Once you reach the line with "To get around" in the material below, copy each line exactly up to and including the line with "The thyroid is", and skip the pictures.
====== INPUT DATA ======
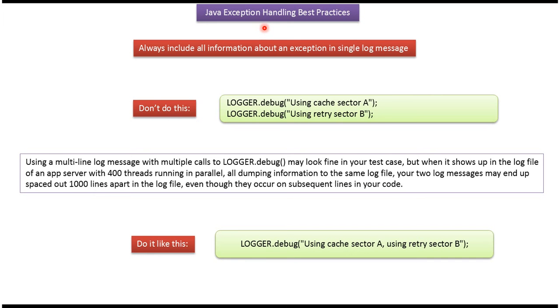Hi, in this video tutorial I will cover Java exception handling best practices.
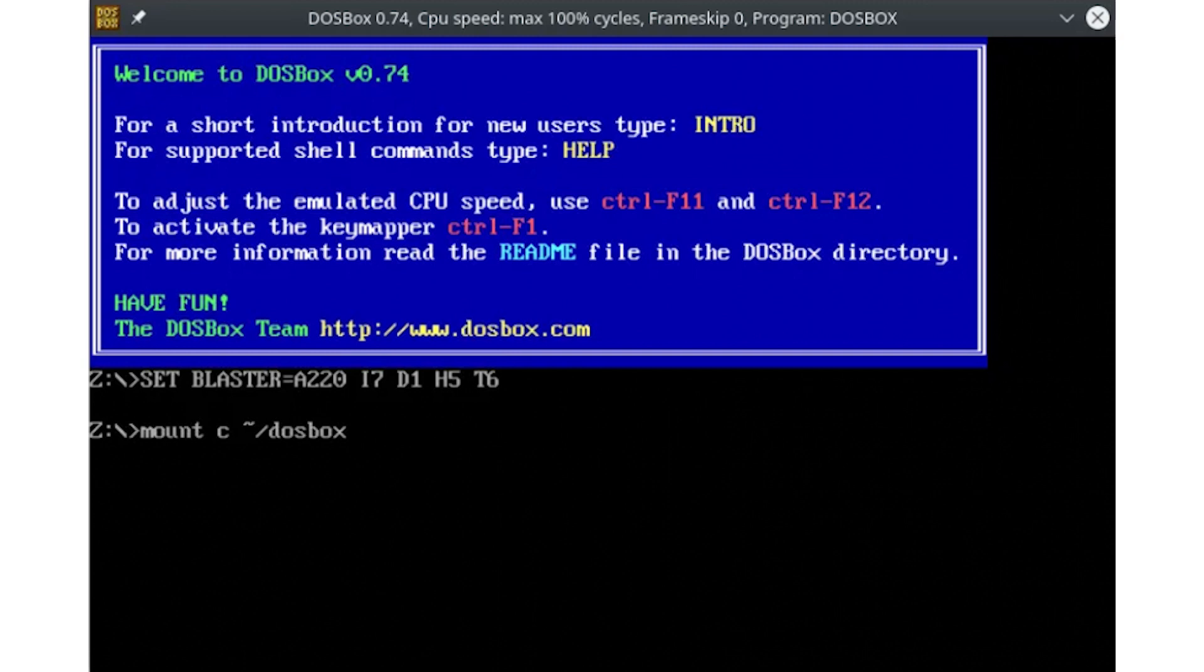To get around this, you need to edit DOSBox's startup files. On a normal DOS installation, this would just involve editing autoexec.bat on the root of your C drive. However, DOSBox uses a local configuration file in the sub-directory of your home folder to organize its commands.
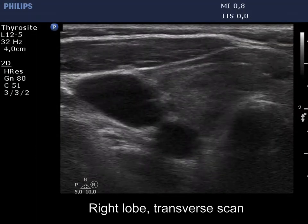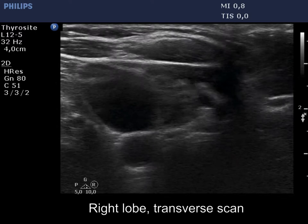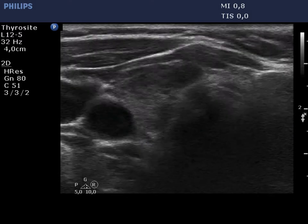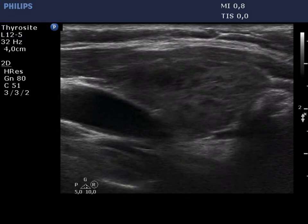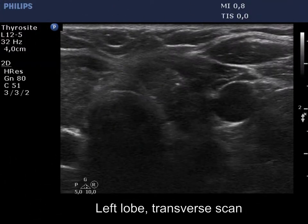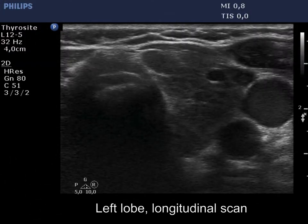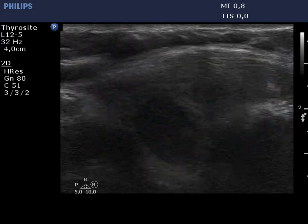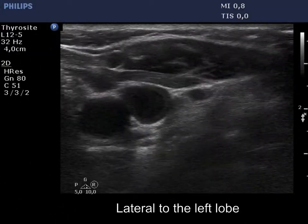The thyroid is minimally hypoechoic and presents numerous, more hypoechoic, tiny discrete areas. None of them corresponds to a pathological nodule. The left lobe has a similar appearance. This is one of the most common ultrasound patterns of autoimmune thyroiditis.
======
====== INPUT DATA ======
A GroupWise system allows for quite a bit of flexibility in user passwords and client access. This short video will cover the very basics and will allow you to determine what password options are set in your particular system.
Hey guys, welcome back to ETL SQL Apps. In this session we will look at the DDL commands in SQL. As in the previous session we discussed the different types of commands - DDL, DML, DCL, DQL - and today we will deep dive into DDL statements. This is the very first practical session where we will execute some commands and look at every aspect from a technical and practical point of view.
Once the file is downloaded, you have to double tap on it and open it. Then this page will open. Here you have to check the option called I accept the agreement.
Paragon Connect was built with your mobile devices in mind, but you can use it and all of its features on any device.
======
» RESPONSE BOX
To get around this, you need to edit DOSBox's startup files. On a normal DOS installation, this would just involve editing autoexec.bat on the root of your C drive. However, DOSBox uses a local configuration file in the sub-directory of your home folder to organize its commands.
The thyroid is minimally hypoechoic and presents numerous, more hypoechoic, tiny discrete areas. None of them corresponds to a pathological nodule. The left lobe has a similar appearance. This is one of the most common ultrasound patterns of autoimmune thyroiditis.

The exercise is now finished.